> **What the exercise asks**: From the entries below, reproduce exactly the lines from the one with "Deathreap Ritual, Commander 2018" through the one with "Motip 53943 Lakspray", both included, without images.

> **Given records**:
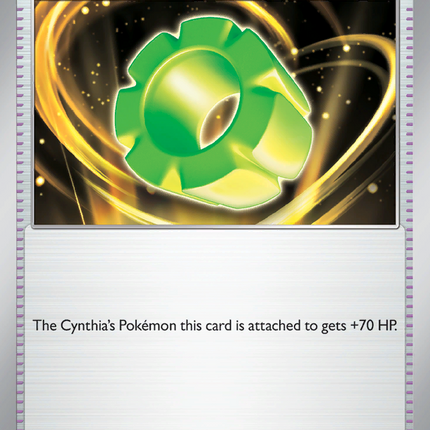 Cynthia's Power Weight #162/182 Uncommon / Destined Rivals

---

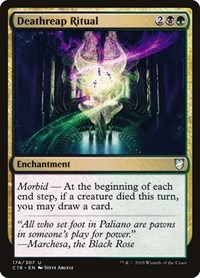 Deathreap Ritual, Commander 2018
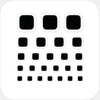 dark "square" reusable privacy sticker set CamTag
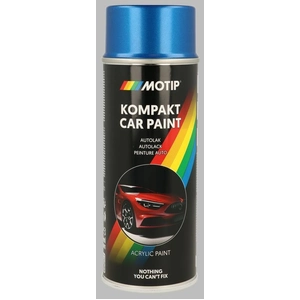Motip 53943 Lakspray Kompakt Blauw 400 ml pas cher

...

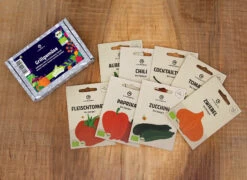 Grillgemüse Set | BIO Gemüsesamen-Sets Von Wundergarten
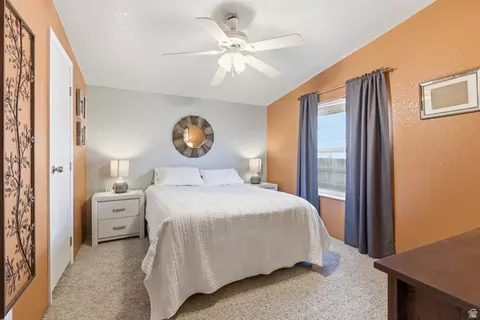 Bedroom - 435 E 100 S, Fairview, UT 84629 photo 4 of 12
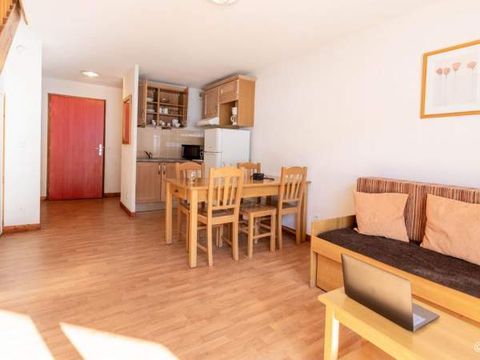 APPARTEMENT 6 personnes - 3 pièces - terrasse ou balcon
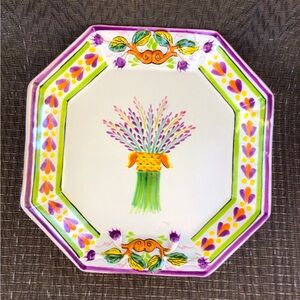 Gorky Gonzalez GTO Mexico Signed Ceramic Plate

> **Worked solution**:
 Deathreap Ritual, Commander 2018
 dark "square" reusable privacy sticker set CamTag
Motip 53943 Lakspray Kompakt Blauw 400 ml pas cher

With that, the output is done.